AI/TLDR

GLM-4.6V

Open-weight 106B (~12B active) MoE vision-language model with native multimodal function calling — images, screenshots and document pages pass straight in as tool parameters — and a 128K context; MIT license.

Overview

GLM-4.6V is the flagship vision-language model in Z.ai's (Zhipu / GLM) GLM-V line, released December 8, 2025 under the permissive MIT license with open weights on Hugging Face and ModelScope. It is a Mixture-of-Experts model with 106B total parameters and roughly 12B active per token, and it ships alongside a smaller 9B sibling, GLM-4.6V-Flash, for low-latency and local deployment.
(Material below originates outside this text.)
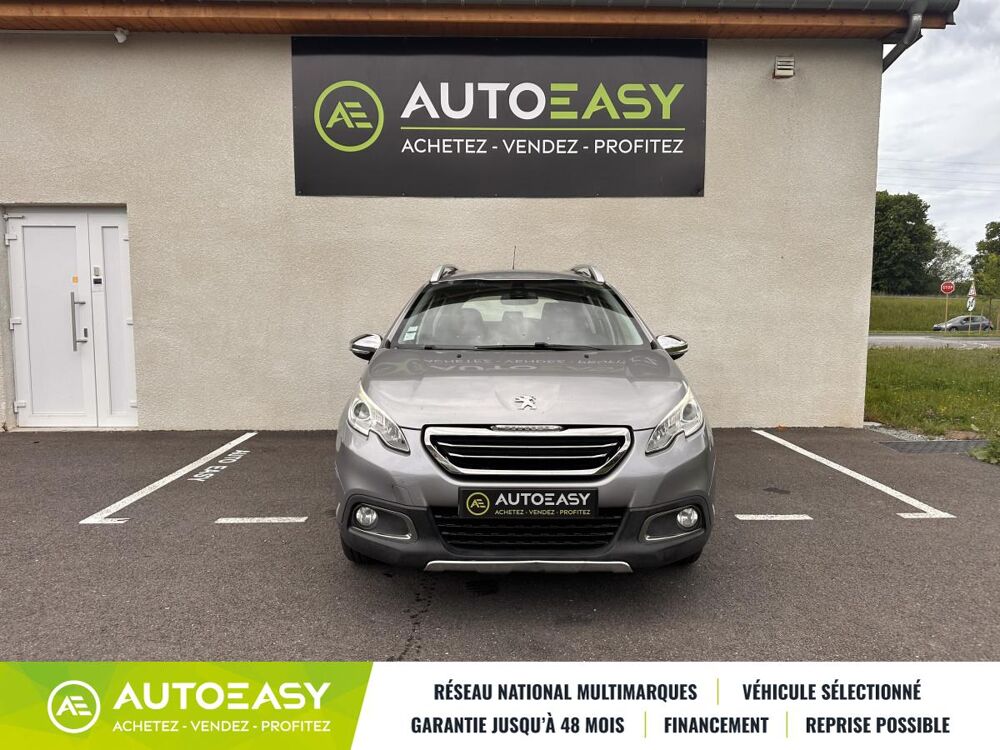 2008 1.2 VTI 82 CH BOITE AUTOMATIQUE ALLURE / 1ERE MAIN / ENTRET 2015 occasion 90400 SEVENANS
The headline change in GLM-4.6V is native multimodal Function Calling. Instead of describing an image in text and then calling a tool, the model passes images, screenshots and document pages directly as tool parameters, and tools can return search-result grids, charts, rendered web pages or product images back into its reasoning. Z.ai frames this as bridging visual perception and executable action for multimodal agents. The model accepts video, image, text and file inputs, scales its training context to 128K tokens (roughly 150 pages of dense documents, 200 slides or about an hour of video in one pass), and is tuned for design-to-code work — reconstructing HTML, CSS and JavaScript from UI screenshots.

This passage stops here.